In need of an exceptionally stable platform for research related to a U.S. Navy submarine weapons program, the scientists envisioned a long, thin design that would minimize impacts from oceanic forces. Inspired by skinny floating devices known as “spar buoys,” their initial model was crafted out of a Louisville Slugger baseball bat.
When it was launched in 1962, the FLoating Instrument Platform (FLIP) was a one-of-a kind invention. Fifty years later, it remains a hallmark of distinction for both Scripps and the Office of Naval Research, the owners of FLIP.
Although Spiess and Fisher are now deceased, their legacy surges on as FLIP continues to provide a uniquely stable platform for research missions that include ocean acoustics, marine mammal studies, geophysics, meteorology, physical oceanography, and laser propagation experiments.

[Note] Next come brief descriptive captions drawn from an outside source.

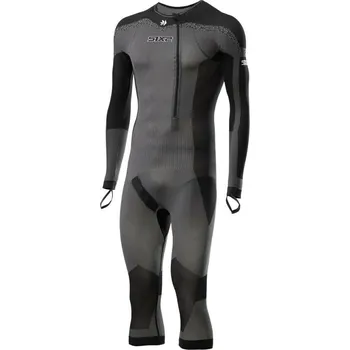 cyklistický dres SIXS STXL R BT ultra lehké 3/4 spodní prádlo pod kombinézu carbon černá M/L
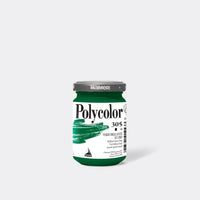Ακρυλικό χρώμα MAIMERI Polycolor 140 ml – Λαμπερό Πράσινο Σκούρο
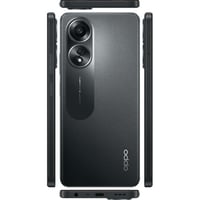 أوبو A58 4G جيجابايت 128 رام 8 ، اسود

Administered and operated by Scripps, FLIP has served in projects supporting a variety of naval operations and national security research missions.
“For the past 50 years, FLIP has supported a myriad of basic and applied research objectives which have led to improved naval warfighting capabilities through the Cold War era,” said Dr. Frank Herr, head of the Ocean Battlespace Sensing Department at the Office of Naval Research. “This unique and valuable research platform continues to support naval objectives in science and technology development for the Department of the Navy of the 21st century.”

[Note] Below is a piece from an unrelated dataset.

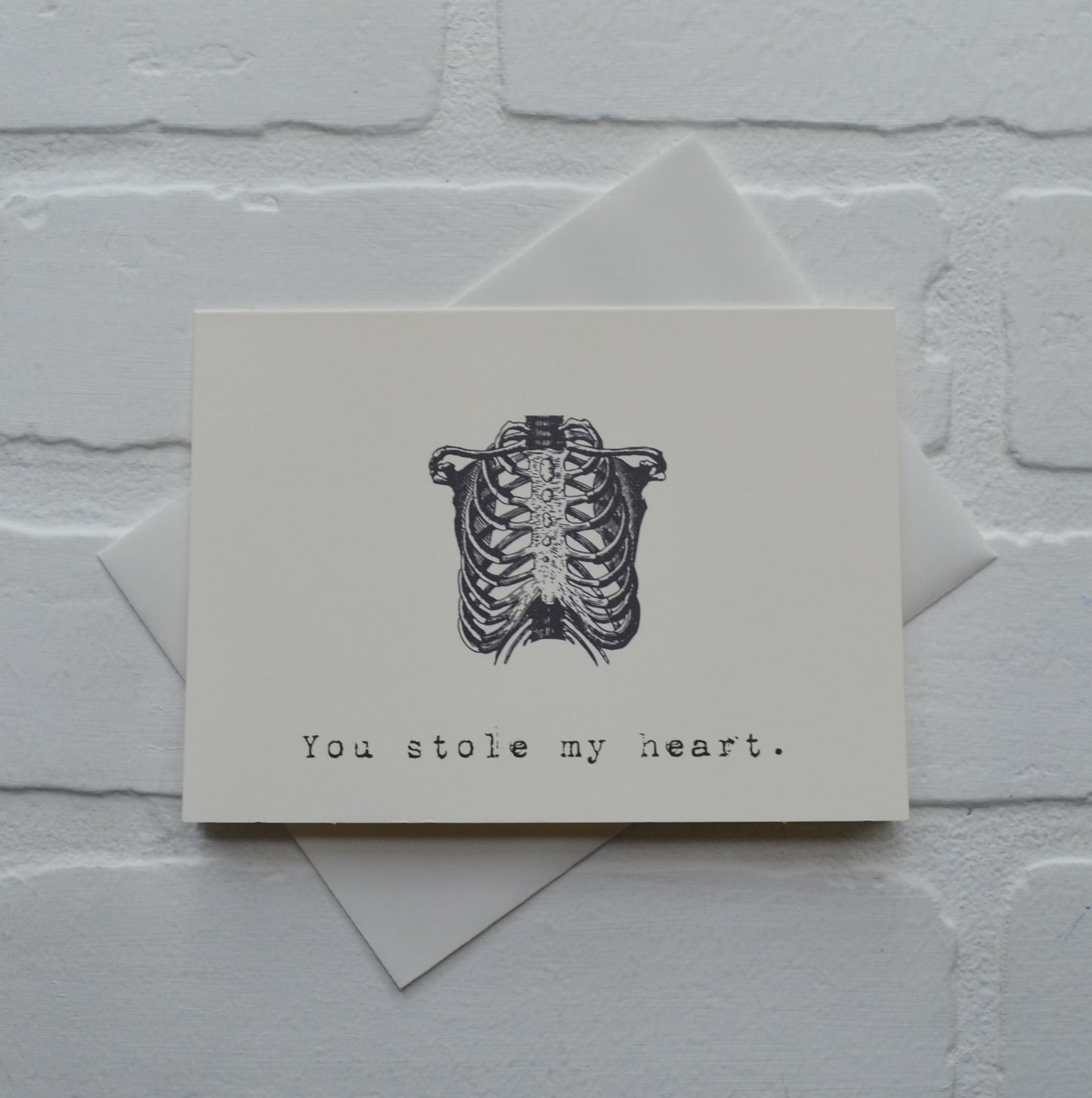You stole my heart | Halloween Greeting Cards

FLIP has no propulsion power so its 355-foot frame is towed in the horizontal position to and from its scientific research locations, which range from San Diego to Hawaii. To begin the flipping process, FLIP’s operators, currently led by officer-in-charge Tom Golfinos, direct water into several ballast tanks to begin a slow transition that lasts nearly 30 minutes. Once in the vertical position, 300 feet of FLIP is submerged. The remaining section features a command area, laboratory space, galley, bunks, and electric generators. To transition back to the horizontal position, FLIP’s crew uses compressed air to expel water from the ballast tanks.
Because its design accommodates riders in both horizontal and vertical positions, FLIP’s interior spaces often appear misleading and even bizarre, with doors mounted on the floor, portholes in the ceiling, objects mounted on swiveling trunions, and sinks and toilets mounted for both configurations.
Its unique configuration has led to head-turning on more than one occasion. Mistaken mariners have come to its “rescue,” as its vertical position gives the appearance of a vessel going the way of Titanic. FLIP has captured the attention of news media around the globe, with journalists and film crews covering FLIP from Japan, Korea, Canada, Europe, and beyond.
“As FLIP reaches 50 years old and continues to serve as a unique and viable research platform, we need to recognize those who designed, constructed and operated FLIP in support of Navy research,” said William Gaines, who has served as FLIP’s administrator since 1993. “The longevity of FLIP is a testament to their ability, skill, and dedication. The accomplishments of FLIP over its first half century of oceanographic research are significant. FLIP will continue to serve the oceanographic community in support of major research programs.”